If you are running in a RAC environment, the next section will contain a quick look at RAC statistics to give you an idea of the overall performance of your cluster. This section provides information on the workload characteristics of your cluster, and gives insight into how much traffic is going across the interconnect, how frequently instances need to read from the remote cache vs. the local cache, and what the average times are for these operations.

Main Report

After the top sections, the main report body will follow. Here you will have links to various other sections of the report that are of interest, including sections on SQL statements ordered by various stats such as buffer gets, reads, executions, file and tablespace I/O stats, SGA stats, and so forth. These sections will help pinpoint specific areas that are common bottlenecks, by highlighting poorly tuned or frequently executed SQL, and/or by bringing to light I/O hot spots where disk response time is not acceptable. Each report contains a virtual goldmine of information on what is happening within the database, and what may be causing slowdowns at various stages of operation. Our purpose here is not to discuss each individual section, but rather to provide an overview of how to gather and review the reports. Automating the interpretation of these reports via ADDM will be discussed later in this chapter.

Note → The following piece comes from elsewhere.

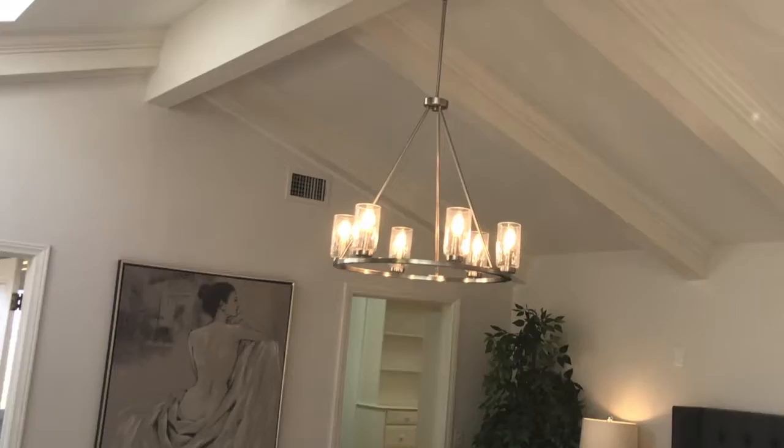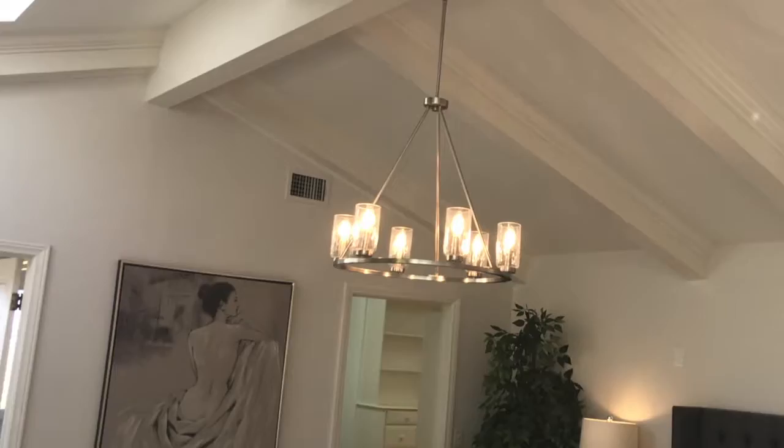What's up, guys? We're now in the master suite upstairs. Let me show you — natural light, high ceilings, beautiful master bath and closet. But what's really important are the views, once again. You can't beat it.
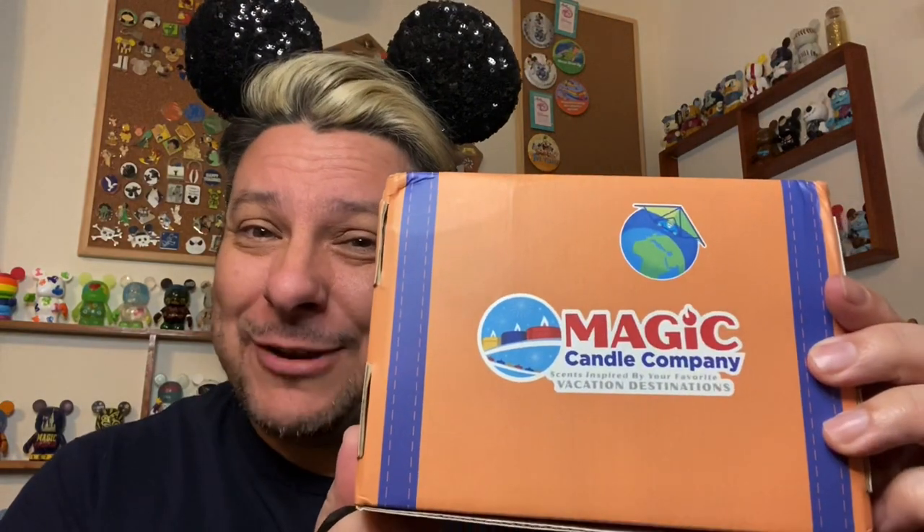Hello, everybody, and welcome back to the Bri Rock 75. I am Brian Lee, and we have a new subscription box opening for you today. Well, it's not really new, but it's new for us here on this channel. Today, we're gonna do the Magic Candle Company.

{mospagebreak title=Creating Baselines for Comparing the Workload}

Evaluating the reports is also made easier if there is a comparison point. We may suspect, as we evaluate sections of the AWR report, that something does not look right—the top SQL may show SQL statements with an excessive number of buffer gets, as an example. It would be invaluable to be able to compare the report to a similar point in time in the past, when similar work was being done and performance was better. For example, perhaps the same SQL was run at points in the past, but the buffer gets for that same statement were much lower. This might indicate that an index has been dropped, or the data distribution of the tables queried has somehow changed.

A baseline (also called a Preserved Snapshot Set) is used to have a comparison point to refer back to if and when performance suffers. The basic idea is that on a Monday morning (or any other time), when out of the blue the HA DBA is barraged with users advising that the database performance is less than exemplary, the first thing that he or she can do is compare the current performance (or, say, the performance over the past hour) to a baseline that was previously set up for that time frame. This will give the HA DBA an immediate idea of what is different from last week (or whatever point in the past you are comparing to) and a head start on where to look for the solution to the problem.

Periods for Baseline Creation

As you can probably tell already, it is necessary to anticipate periods when you might expect to have performance problems. For this, you must have an understanding of the nuances of your particular business. For example, you may experience different peaks at different times of the day—a busy period may occur between 8:30 A.M. and 1:00 P.M., and another peak from 2:30 P.M. to 4:30 P.M. Fortunately, it is possible to create multiple baselines, each covering different points in time. Therefore, you may decide to create a different, separate baseline for each of those periods.

On the other hand, it is difficult to create a baseline for every possible period. If performance problems occur with no appropriate baseline having been created, don’t fret. Depending on how long the retention time is for the Workload Repository, you can go back and create the baseline from a similar time frame in the past. For that reason, we recommend that you increase the workload retention time from the default of seven days. You may want to consider two weeks, or even a value of just over a month, depending on your storage capacity and the overall impact this has on your system. Keep in mind that this information will be stored in the SYSAUX tablespace, so size the SYSAUX tablespace accordingly.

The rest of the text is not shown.